第9話 統治は面倒

 村は豆と芋の栽培と、兔など小動物の猟でやって来たそうだ。

 暫く住んでみたが、面白く無い。

 貧乏村だ、問題や不満ばかり言って来る。

 一方的に面倒見てやるのにも飽きた、男爵もやって来ない。

 住民を集め、新村長を決めさせた。


 意外と言うか、妥当かも知れない、ゴロツが人気断トツで村長に選ばれた。

 住民の事はよく分からん、ゴロツを村長に任命し就任祝に欲しい物を聞いた。

「領主様、金と武器が欲しいです!」

「金貨20枚やる、男爵に取り上げられん様に、隠して置け」

 この世界で、金貨1枚の値打ちを知らない、レットだから出来た事だ。

 貧乏暮らしに慣れ過ぎて、お米5㎏10㎏の値段とか、食材を如何に安く買うかは手慣れて居るが、電化製品とか高価な物はサッパリ知らない、1万円で何が買えるか等、やった事が無いので全くお金の価値が分からないレットだった。


 金貨も武器も盗賊砦から奪った物、弓矢に槍、剣のボロい奴を適当に出してやった。

「おぅ!領主様、有り難う御座います!!」

 ゴロツが何処まで本気で、僕の事領主様と言ってるか分からんが、もう放置して村を出る気で居るので、どうでも良くなった。


 占領して分かった事、統治は面倒だった。


 元々僕に、リーダーシップなんてある訳無いし、暴力で押し付けるのも限界がある、酷くすると謀反反乱を起こされる恐れがある。

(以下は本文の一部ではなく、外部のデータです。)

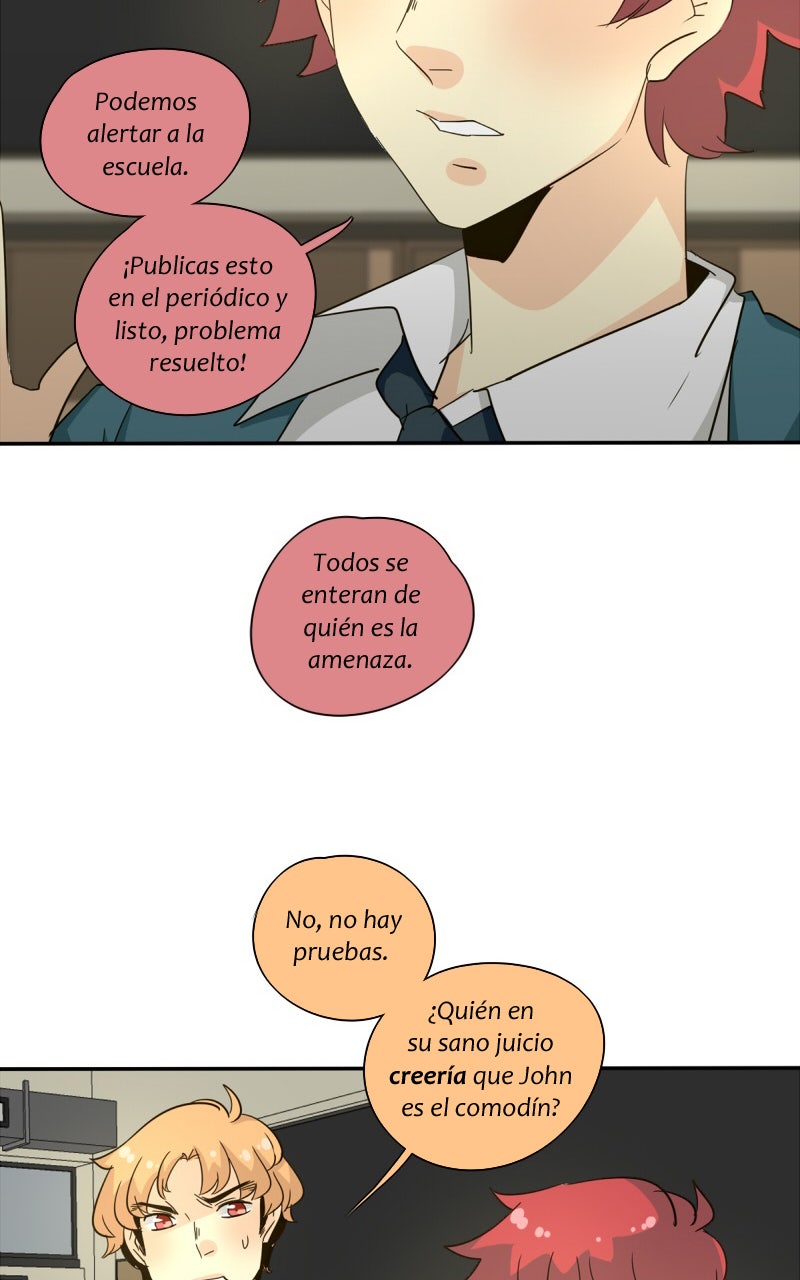 Read extraOrdinario ES Manga Online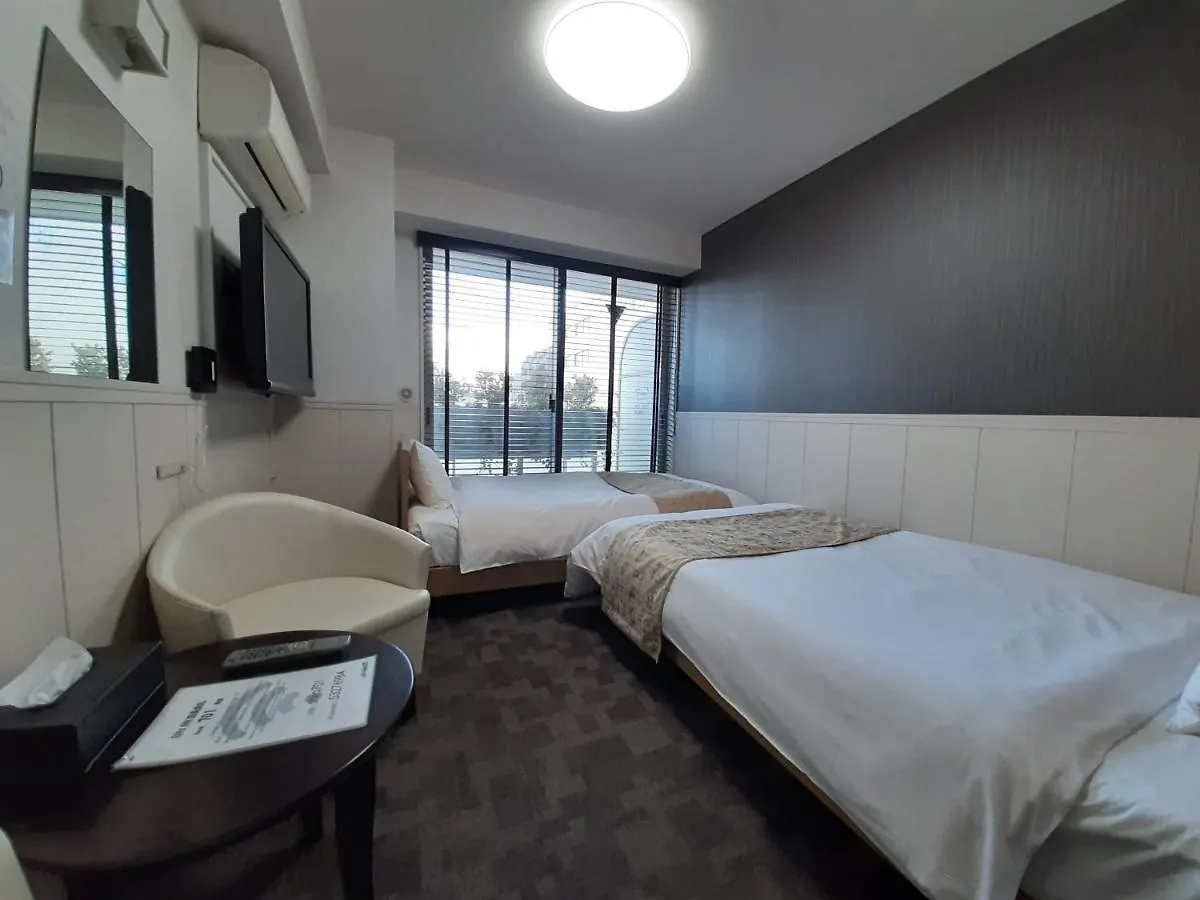 Apartmán Elitz Inn Shijokarasuma Kjóto Japonsko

 統治ごっこやってみて、係わらないのが、一番賢い方法と分かった。


「ゴロツ、僕達は明朝旅立つ事にした!後は上手くやってくれ」

 晩飯時、ゴロツ村長に一応予定を言って置いた。





 ハスキとペスには、フード付きのマントを着せた。

 僕やリン達は、どんな格好しても、何を着ても子供に見える、開き直って粗末だが丈夫な生地の現状の服で行く。

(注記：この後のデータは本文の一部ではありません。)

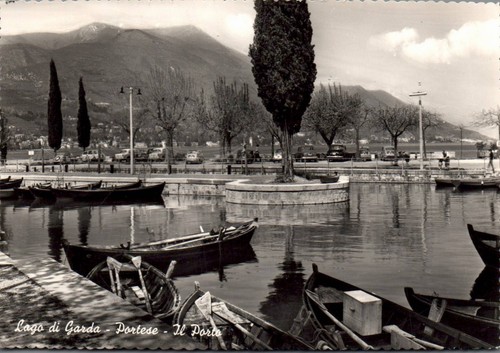 Brescia portese porto - portese,
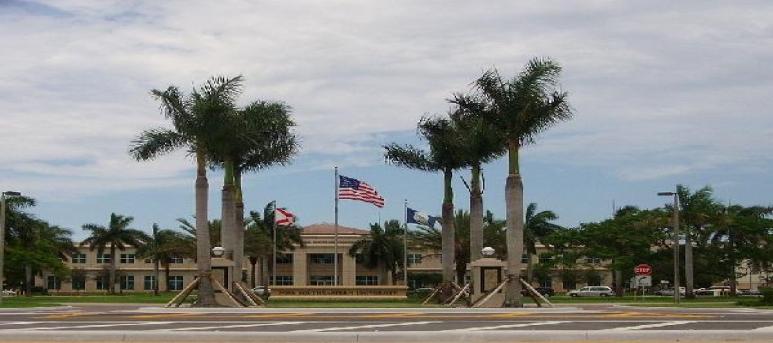 Nova Southeastern University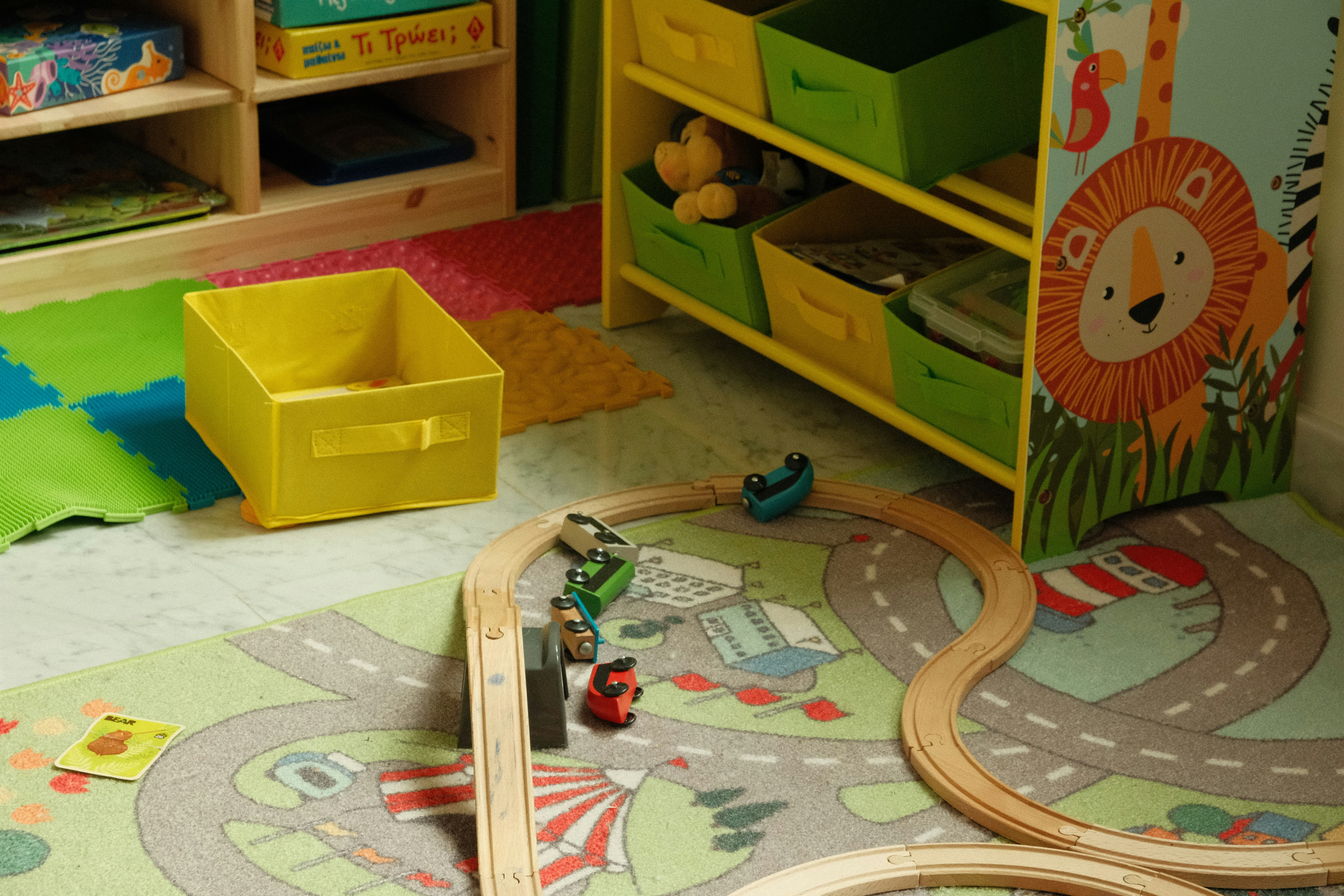 Product image for History of Play Therapy and Play Therapy Models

 見送りは、安堵の表情の村人達、唯一何故かゴロツ村長のみが、深々とお辞儀して見送って居た。


 情報から、目指すはヒヨリミ男爵領、4村1町で一番近い、歩いて1日の距離ザツ村だ。

 近いと言っても、面倒な山越えをしないと行き着けない所、開拓村の旧村長が好き勝手出来て居たのも、商人も旅人も訪れる事のない、自給自足を強いられる陸の孤島的場所の為だった。

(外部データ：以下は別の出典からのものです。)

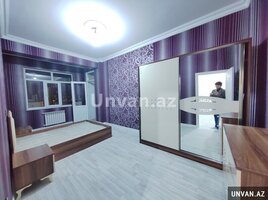 Heydar Aliyev Ave. 3 rooms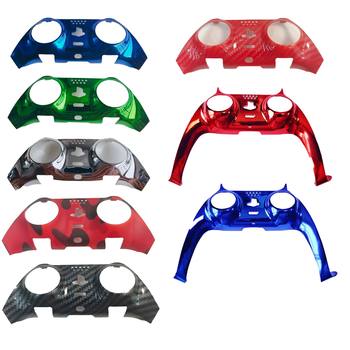Ps5 Game Controller Decorative Piece Elite Version Controller Decorative Strip Electroplated Decorative Strip Ps5 Game Controller Accessories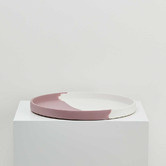 Elementa Living Even Steven Decorative Tray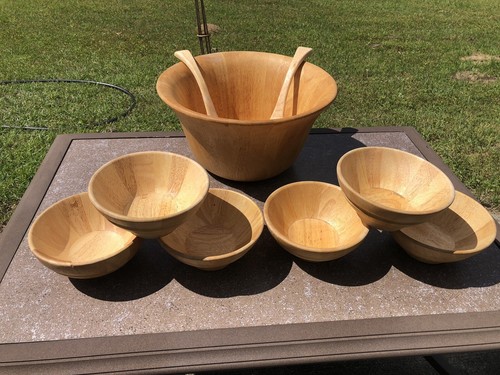 Ciotole e utensili da servizio vintage DANSK International Designs LTD Thailand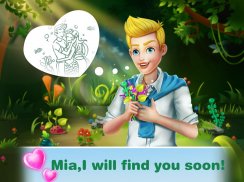 Mermaid Secrets21–Heartbreak Mermaid Princess screenshot 3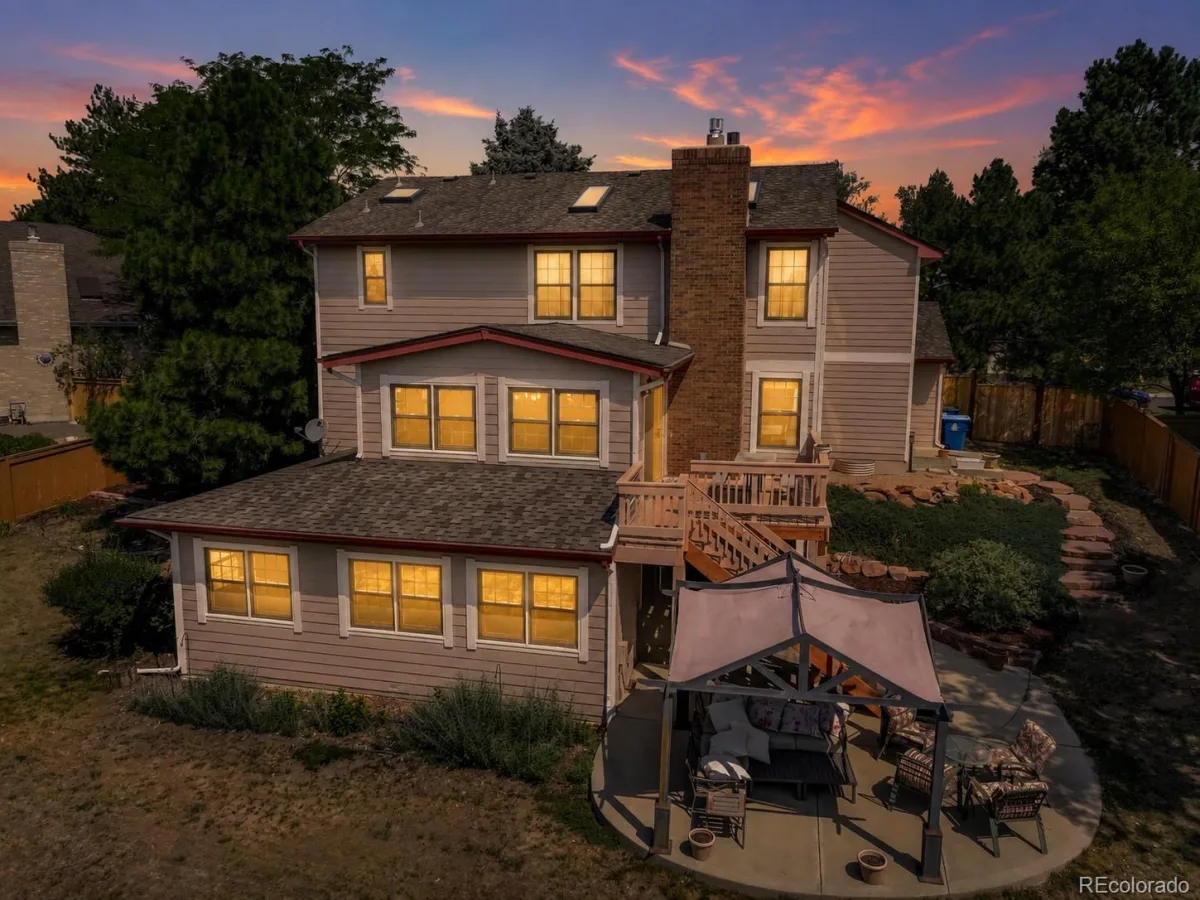 16544 E Dorado Avenue Centennial CO 80015 MLS #REC7329658 07092026155058 1200 3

 ドワーフ娘や、僕の脚力に負けない健脚の獣人父娘、僅か半日太陽がまだ中天にある日中に、ザツ村が見えて来た。

「レット様、ザツ村には家内、この娘の母親が共有奴隷になって居ります!出来る事ならば、自分達の様に救出願えたら、自分達父娘生涯の忠誠を捧げます!!」


「良いよ!救出しよう!奴隷と言っても、魔法や魔道具で拘束されて居る訳じゃ無い、村人達に有無を言わせん」





 ザツ村に近付くと、何か揉め事?騒がしい喧騒が聞こえて来た。

「俺達は『西の盗賊団』有り金と若い女を差し出せ!」



「西の盗賊団って、リン達を捕らえて居た奴らか?」

「うん!間違い無い!!見た事の有る顔触れだよ」

 僕は、火がついたタバコを口に、ユックリ燻らせた。

 煙を吐き出し「では、全員戦闘体制!盗賊団を叩き潰す!行くぞ!!」


 村人達の抵抗を奪い、余裕綽々よゆうしゃくしゃくデカイ態度でほざいて居た盗賊達、エクスカナボーを振り回し、突入した僕に対応が遅れた。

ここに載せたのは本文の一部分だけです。